In this case, your final claim does hold. In fact, we will have $\sup A = \inf B$.

It is a standard exercise that if you have a sequence $I_1\supset I_2 \supset \cdots$ of nested closed intervals, then their intersection is non-empty.
Moreover, since the size ($b_n - a_n$) tends to $0$, one can also show that the intersection contains precisely one element: Call it $\xi.$

It should be clear that $\sup A = \xi = \inf B$. In particular, $$\xi = \dfrac{\sup A + \inf B}{2}.$$

Moreover, note has the following properties:

1. $a_1 \le a_2 \le \cdots \le \xi \le \cdots \le b_2 \le b_1$,
2. $f(a_n) < 0 < f(b_n).$

Since $\xi = \sup A$, the first property tells us that $a_n \to \xi$.
Since $f$ is continuous, we have $f(a_n) \to f(\xi)$. From the second property, we conclude that $f(\xi) \le 0$.

A similar analysis with $(b_n)$ shows us that $f(\xi) \ge 0$. This gives us that $$f(\xi) = 0,$$ as desired.

Answer 2

First notice that the length of $I_n$ halves indefinitely, so at the end the limit interval (intersection) has length $0$. By Nested Interval Theorem it must be non-empty, so the only possibility is that it contains a single point.
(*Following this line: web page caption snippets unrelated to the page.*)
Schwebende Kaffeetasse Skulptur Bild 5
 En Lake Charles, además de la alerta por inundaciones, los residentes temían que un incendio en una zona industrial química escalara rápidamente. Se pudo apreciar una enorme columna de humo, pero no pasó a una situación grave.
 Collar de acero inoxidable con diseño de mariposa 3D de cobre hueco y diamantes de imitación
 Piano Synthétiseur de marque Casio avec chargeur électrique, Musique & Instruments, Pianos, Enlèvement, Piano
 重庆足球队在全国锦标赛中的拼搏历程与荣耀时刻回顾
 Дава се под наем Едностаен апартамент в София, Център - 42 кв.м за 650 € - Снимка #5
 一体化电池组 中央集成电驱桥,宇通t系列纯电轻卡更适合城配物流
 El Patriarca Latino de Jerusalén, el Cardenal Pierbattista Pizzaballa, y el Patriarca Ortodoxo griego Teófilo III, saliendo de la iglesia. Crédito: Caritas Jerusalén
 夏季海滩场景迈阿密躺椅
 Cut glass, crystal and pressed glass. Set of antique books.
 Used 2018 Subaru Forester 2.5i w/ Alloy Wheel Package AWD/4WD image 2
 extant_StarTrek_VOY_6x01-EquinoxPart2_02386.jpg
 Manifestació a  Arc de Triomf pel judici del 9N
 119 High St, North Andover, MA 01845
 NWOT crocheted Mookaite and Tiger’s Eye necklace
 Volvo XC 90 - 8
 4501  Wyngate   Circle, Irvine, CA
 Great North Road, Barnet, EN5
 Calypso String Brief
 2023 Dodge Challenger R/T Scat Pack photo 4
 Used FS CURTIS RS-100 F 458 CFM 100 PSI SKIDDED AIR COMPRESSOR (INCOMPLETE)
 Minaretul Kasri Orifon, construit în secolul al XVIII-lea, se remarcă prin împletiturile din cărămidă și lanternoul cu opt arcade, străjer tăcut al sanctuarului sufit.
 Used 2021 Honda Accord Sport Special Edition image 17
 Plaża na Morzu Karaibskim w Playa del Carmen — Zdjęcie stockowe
Then that point must be $\sup A$, and actually $\sup A = \inf B.$ As $a_n \to \sup A$ and $b_n \to \inf B$, we have $f(\sup A) \le 0$ and $f(\inf B) \ge 0$.

Answer 3

We will use induction on a descending countable collection $\big\{[a_n, b_n]\big\}_∞^{n=1}$of closed intervals whose intersection consists of a single point $x_0 ∈ (a, b)$ at which $f(x_0) = c$. Define $a_1 = a$ and $b_1 = b$. Consider the midpoint $m_1$ of $[a_1, b_1]$. If $c < f(m_1)$, define $a_2 = a_1$ and $b_2 = m_1$. If $f(m_1) ≤ c$, define $a_2 = m_1$ and $b_2 = b_1$. Therefore $f(a_2) ≤ c ≤ f(b_2)$ and $b_2 − a_2 =\frac{[b_1 − a_1]}{2}$.Continuing in this way we obtain a descending collection $\big\{[a_n, b_n]\big\}_∞^{n=1}$ of closed intervals such that $$ f(a_n) ≤ c ≤ f(b_n) ~and ~~b_n − a_n = \frac{[b − a]}{2^{n−1}} ~∀n. $$ According to the Nested Set Theorem, $\bigcap_{i=1}^\infty\big\{[a_n, b_n]\big\}$ Therefore ${a_n \rightarrow x_0}$. By the continuity of $f$ at $x_0$, $f(a_n)\rightarrow f(x_0)$. Since $f(a_n) ≤ c$ for all $n$, and the set $(−∞, c]$ is closed, $f(x_0) ≤ c$. By similar argument, $f(x_0) ≥ c$. Hence $f(x_0) = c$